Use Case Description

The finance department of a company is handling incoming documents such as invoices, purchase orders, and utility bills. A team of three people manage the incoming documents on a daily basis. The documents are sent in different formats such as PDF, scanned images and photographs. Some of the documents may also contain handwritten information. Further, in PDF files, the PDF document may contain more than one document. The finance team go through these documents, reorder them according to the type of the document, and the company/ person who shared the file into a shared drive. If the PDF file contains multiple types of documents, the team also splits the file based on the above descrived criteria.

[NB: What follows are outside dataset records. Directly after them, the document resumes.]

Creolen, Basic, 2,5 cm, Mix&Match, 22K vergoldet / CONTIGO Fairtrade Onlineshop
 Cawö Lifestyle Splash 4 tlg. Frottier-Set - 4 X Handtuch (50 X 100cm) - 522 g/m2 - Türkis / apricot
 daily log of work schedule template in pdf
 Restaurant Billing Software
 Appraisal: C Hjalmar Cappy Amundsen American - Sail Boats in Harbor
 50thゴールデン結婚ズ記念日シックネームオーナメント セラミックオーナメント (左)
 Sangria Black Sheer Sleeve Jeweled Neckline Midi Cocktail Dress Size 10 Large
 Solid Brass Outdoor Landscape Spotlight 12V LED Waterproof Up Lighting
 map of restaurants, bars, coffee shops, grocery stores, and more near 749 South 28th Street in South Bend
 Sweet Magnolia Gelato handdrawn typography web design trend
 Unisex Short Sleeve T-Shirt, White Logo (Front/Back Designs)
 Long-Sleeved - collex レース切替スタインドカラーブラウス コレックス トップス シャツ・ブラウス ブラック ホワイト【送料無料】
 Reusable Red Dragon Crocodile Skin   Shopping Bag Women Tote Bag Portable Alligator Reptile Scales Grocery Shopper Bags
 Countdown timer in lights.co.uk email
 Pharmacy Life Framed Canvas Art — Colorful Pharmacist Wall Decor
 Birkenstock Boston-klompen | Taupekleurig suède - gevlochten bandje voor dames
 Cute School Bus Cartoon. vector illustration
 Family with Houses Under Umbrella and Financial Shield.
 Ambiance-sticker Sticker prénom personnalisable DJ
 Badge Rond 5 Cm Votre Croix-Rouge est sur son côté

The purpose of reordering the documents is to ease out the downstream activities and maintain clear references on the documents. Further, they extract key information from different documents, and send it to approval based on few business logics. The approvals are done my their immediate manager. Few of the busniess rules require reaching out to the person who sent the document to obtain more information, or fix errors in case there are any issues. Once the verification is done, the data is stored in two different applications. Purchase order information is stored in SAP, and another internally developed web-based ERP system for their tracking purposes. However, the details of the invoices, and utility bills are stored only in the internal ERP system.

Challenge in the existing process is that there is a lot of manual effort involved due to the data volume, and the processing required. Further, the business team complains about data accuracy issues, and delays in downstream activities due to delays in data entry and approval.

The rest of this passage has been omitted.